Lost Childhood and Tomorrows | Teen Ink

Lost Childhood and Tomorrows

November 9, 2016
By kh71718 BRONZE, Fairbanks, Alaska
kh71718 BRONZE, Fairbanks, Alaska
1 article 0 photos 0 comments

Things had been bad for awhile.


I had just turned nine, and something about my mom was changing. She didn’t smile as much as she used to. On the weekends we didn’t go out for walks or adventures like we had in the past. She didn’t play with the dog, or laugh at her favorite jokes. I had no words for what had been happening to her back then, I simply thought I had done something wrong. I learned later in life that my mother was suffering from depression.


We had just moved. I didn’t understand why one day we had been living in Canyon City, Colorado and the next moved without warning. It happened in a day. I never said goodbye to my friends, to my school. My entire life was torn away. Again. Moving suddenly was not unusual. We rarely stayed in the same town over a year. I had gotten used to it. Still, I did not understand why this move had been so sudden. I didn’t understand why my mother seemed so sad.


Still, at the time I was not worried. In fact, I thought the move would be good for us. I figured a change in pace would be good for her. That maybe she’d be happy again, and everything would go back to normal.


We went to Seattle, a town we both enjoyed visiting on trips, so moving there seemed like an excellent choice. Things seemed to improve for awhile. We went out more, took our dog on walks, went to the market almost every day. Things seemed nice. Things seemed normal. She seemed better.


Until the day my life changed forever.


I don’t remember what I had been doing before.  How could I have, after what I heard? It was as if the words I heard spoken wiped my memory clean, leaving room so they could brand themselves into my mind.
The one memory, the feelings, that I wish to forget most. Those are the ones that I will never forget. They are the memory that is clearest in my mind.


I was walking down the hall, past my moms room. Although I can not remember, I was probably looking for her.  She was on the phone with my grandmother and I paused by the cracked open door. Just for a second. Just long enough for my childhood to end and my current outlook on life to start.


I listened in shocked silence as my mom told my grandmother, “Mom, I want to die.”


Everything stopped. My entire world ended, crash and burned. It felt like my heart had been torn out of my body, replaced by fire that burned those words deep into my soul. I think, even in that moment, I realized my life wouldn’t be the same. Once the burning stopped and the world started to turn again another feeling threatened to make me fall to my knees and cry.


Guilt.


I felt overwhelming, consuming guilt.


I, still to this day, feel guilty.


My mother was single, and I her only child. Every single moment not in school or work was spent together, getting ice cream or having movie nights. I took care of her just as much as she took care of me. I’d listen when she’d had a bad day at work, and I’d stay home to take care of her if she was sick. We were everything to each other, practically the same person.
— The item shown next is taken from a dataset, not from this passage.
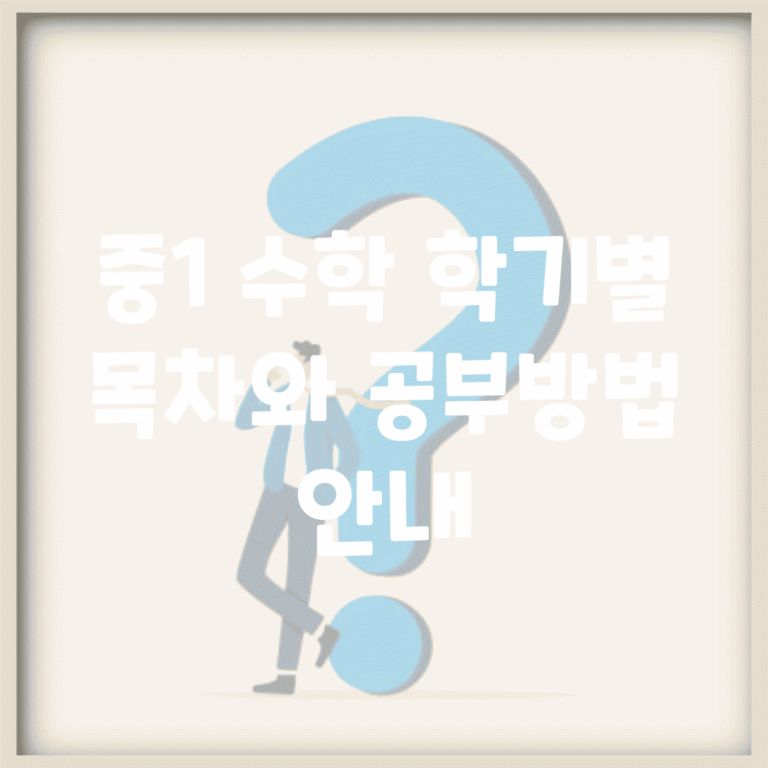 중1 수학 학기별 목차와 공부방법 안내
So it had to have been my fault.I had to have done something wrong. I had to have upset my mother enough to make her feel that way.  Everything, every single thing, was my fault. It was my responsibility to make her happy, and I had failed.


My mom found me later one that evening in my room. I was not crying, everything hurt to much to cry, but I was clearly upset. She quickly figured out I had heard her on the phone. She sat me down, trying to explain to me what she had meant.


“It’s not your fault,” was the first thing she told me. I didn’t believe her. “You’re the one thing that makes me happy. The one thing that is keeping me alive.”


Those words hit me hard. That meant, if I screwed up, if I left her alone, she would die. I was the one thing keeping her alive, and if I failed, it would have been me who had killed her.


She went on to explain she suffered Bipolar Disorder, a mental illness that is known to cause extreme mood shifts. One moment she could be happier than she’d been in months, the next suffering from sever depression. She described it as her emotions being a rollercoaster, constantly up and down. Her being suicidal was never mention. I would not learn until years later that that’s what she was.


I changed after that day. After those words. At nine years old, everything about me changed.


After that, I lived in constant fear. I spent every day worrying if I would come home from school and find my mother dead. I spent every day unable to be a kid because I had to be the one taking care of her. I could never cry, never be upset, because she would become upset as well and I couldn’t risk that. I couldn’t risk her being unhappy because if she was then her life was in danger.


During really bad weeks, my thought turned just as dark as my mom's. I fed off of her depression, off of her anxieties. I thought about killing ourselves together a number of times. If she really wanted to, if she was really that miserable, then why not? Why not just end all of it together? I didn’t want to live without her, and she didn’t want to live, so why not?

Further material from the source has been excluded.